どんなわずかなことでもいいから、喜びを大切にする心がほしい|図録『111年目の中原淳一』
本作は、2023年11月に横浜のそごう美術館で開催されたのを皮切りに、島根県立石見美術館、そして現在、渋谷区立松濤美術館で開催されている「111年目の中原淳一」の図録。
展覧会の感想はこちら。
図録は、戦前の雑誌『少女の友』に、中原淳一が“新しい少女のため”に描き、その絵が後の少女漫画に大きな影響を与えた挿絵の数々。
着るものだけに関わらず、インテリアや美容など、ライフスタイルそのものに“美しさ”を追求した雑誌『それいゆ』のアイデア。
戦後、戦争で少女時代を奪われた女性たちに夢を与えた雑誌『ひまわり』のアートワーク。

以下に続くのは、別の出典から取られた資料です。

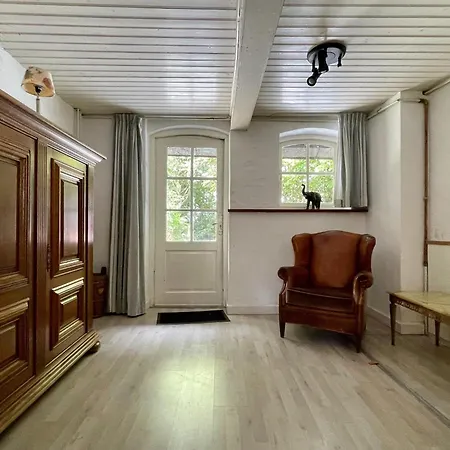 Prázdninový dům In With Pool & Bbq Sint Joost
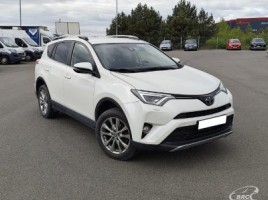 Toyota RAV4 | 1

そして、自身のキャリアの原点である人形作家としての作品の数々。
中原淳一の変わらない“美しいもの”が詰め込まれた1冊です。
編著は2回目の開催場所である石見美術館
監修は ひまわりや
編著は 島根県立石見美術館
出版社は 青幻舎
発売は 2024年1月
とにかく見て楽しい1冊。
図録だからね。
でも、この戦前戦後の激動の時代に、女性のライフスタイルに着目して雑誌を作った人だから、意気込みというか、根性がというか、とにかく熱量が違うのよ。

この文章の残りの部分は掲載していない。